Beban Tarif Mendorong Potensi Kenaikan Harga

Besaran tarif yang dikenakan oleh pemerintahan Trump sangat signifikan. China menghadapi tarif sebesar 54%, setelah akumulasi dengan tarif tambahan sebesar 34% yang diberlakukan pada Januari lalu. India dikenai tarif 26%, Vietnam 46%, dan Malaysia 25%. Beban tarif ini berpotensi memaksa Apple untuk menaikkan harga produknya di pasar AS antara 17% hingga 18% untuk mengkompensasi biaya tambahan. Konsekuensinya, para analis memperkirakan lonjakan harga iPhone yang signifikan.

"Dalam kondisi seperti ini, kita harus mempertimbangkan skenario terburuk," tegas Erik Woodring, menggarisbawahi perlunya mempersiapkan diri menghadapi kemungkinan terburuk.

Prediksi Harga iPhone Tembus Rp 38 Juta

Mengingat sebagian besar dari 200 juta unit iPhone yang diproduksi setiap tahun dirakit di China, dampak tarif yang berkelanjutan dapat menyebabkan kenaikan harga yang dramatis. Analis dari Wedbush, Dan Ives, memprediksi bahwa harga iPhone terbaru dapat mencapai US$ 2.300, setara dengan sekitar Rp 38 juta. Bahkan, iPhone 16e yang saat ini dijual seharga US$ 600 berpotensi mengalami kenaikan harga menjadi US$ 858.

"Ini adalah strategi yang sangat berisiko, terutama mengingat konsumen saat ini sedang merasakan dampak inflasi dan tekanan harga yang meningkat," tulis Dan Ives, memperingatkan tentang potensi reaksi negatif dari konsumen.
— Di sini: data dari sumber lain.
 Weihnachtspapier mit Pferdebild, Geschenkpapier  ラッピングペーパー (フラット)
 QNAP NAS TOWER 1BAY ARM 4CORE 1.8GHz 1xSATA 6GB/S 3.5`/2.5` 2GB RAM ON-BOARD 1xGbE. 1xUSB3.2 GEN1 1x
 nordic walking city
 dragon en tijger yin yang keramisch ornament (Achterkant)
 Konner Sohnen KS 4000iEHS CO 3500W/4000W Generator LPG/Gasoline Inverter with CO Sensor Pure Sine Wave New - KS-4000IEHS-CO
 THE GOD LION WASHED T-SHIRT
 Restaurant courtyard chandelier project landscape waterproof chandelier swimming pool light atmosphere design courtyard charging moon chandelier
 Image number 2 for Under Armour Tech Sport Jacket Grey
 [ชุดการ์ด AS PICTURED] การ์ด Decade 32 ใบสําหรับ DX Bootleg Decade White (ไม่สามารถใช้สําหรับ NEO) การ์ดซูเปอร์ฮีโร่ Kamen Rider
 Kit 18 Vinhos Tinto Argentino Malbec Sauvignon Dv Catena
Apple kini dihadapkan pada dilema sulit: menanggung beban tarif secara internal atau membebankannya kepada konsumen, yang berpotensi berdampak negatif pada volume penjualan. Keputusan yang diambil akan memiliki implikasi besar bagi kinerja keuangan perusahaan dan posisinya di pasar.
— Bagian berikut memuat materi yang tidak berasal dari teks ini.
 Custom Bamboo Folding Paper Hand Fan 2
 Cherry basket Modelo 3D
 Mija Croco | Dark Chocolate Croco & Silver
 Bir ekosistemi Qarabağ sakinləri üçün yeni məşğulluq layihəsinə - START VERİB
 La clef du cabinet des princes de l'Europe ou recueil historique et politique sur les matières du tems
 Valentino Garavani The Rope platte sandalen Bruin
Ketergantungan Produksi di Asia Tetap Tinggi

Terlepas dari upaya diversifikasi, sebagian besar produksi Apple masih terkonsentrasi di China, India, Vietnam, dan negara-negara Asia lainnya. Apple sebelumnya telah memperingatkan bahwa kebijakan tarif dapat mempengaruhi bisnisnya, menyebabkan kenaikan harga, dan bahkan berpotensi menghentikan produksi beberapa produk.
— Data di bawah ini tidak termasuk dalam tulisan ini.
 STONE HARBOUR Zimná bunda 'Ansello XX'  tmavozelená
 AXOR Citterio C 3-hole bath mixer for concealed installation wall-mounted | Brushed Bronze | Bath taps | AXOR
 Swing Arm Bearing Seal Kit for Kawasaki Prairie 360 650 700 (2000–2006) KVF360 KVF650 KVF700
Menurut data dari Evercore ISI, sekitar 80% kapasitas produksi Apple berasal dari China. Sekitar 90% iPhone dan 55% produk Mac dirakit di negara tersebut. Sementara itu, 80% iPad juga diproduksi di pabrik-pabrik di China.

India saat ini menyumbang 10%-15% produksi iPhone, dengan target ambisius untuk mencapai 25% secara global pada akhir tahun 2025. Di Vietnam, 20% iPad dan 90% perangkat wearable Apple seperti Apple Watch dirakit di sana.

Malaysia dan Thailand juga memainkan peran penting dalam produksi Mac, masing-masing dikenai tarif 25% dan 36%. Komponen penting lainnya berasal dari Jepang, Korea Selatan, Taiwan, dan AS, yang biasanya dikirim ke negara perakitan akhir.

Rencana Produksi di AS Masih Terbatas

Pemerintahan Trump menyatakan bahwa tujuan dari penerapan tarif adalah untuk mendorong kembalinya manufaktur ke AS. Trump bahkan secara eksplisit menyebut Apple dalam pernyataannya, menyatakan bahwa "mereka akan membangun pabrik di sini." Namun, realitasnya, investasi Apple sebesar US$ 500 miliar di AS sebagian besar berupa pembelian suku cadang dan chip dari pemasok domestik.

Saat ini, Apple hanya memproduksi Mac Pro di Texas, sementara produk dengan volume tinggi masih dirakit di luar negeri. Dan Ives dari Wedbush memperkirakan bahwa "akan dibutuhkan waktu tiga tahun dan investasi sebesar US$ 30 miliar hanya untuk memindahkan 10% dari rantai pasokannya ke AS, dan itu pun akan disertai dengan gangguan yang signifikan."

Apple juga telah mengumumkan rencana untuk membangun pabrik baru untuk server kecerdasan buatan di Texas pada Februari lalu. Namun, hingga saat ini, produksi massal belum dilakukan di AS, menyoroti tantangan kompleks dalam memindahkan operasi manufaktur secara signifikan.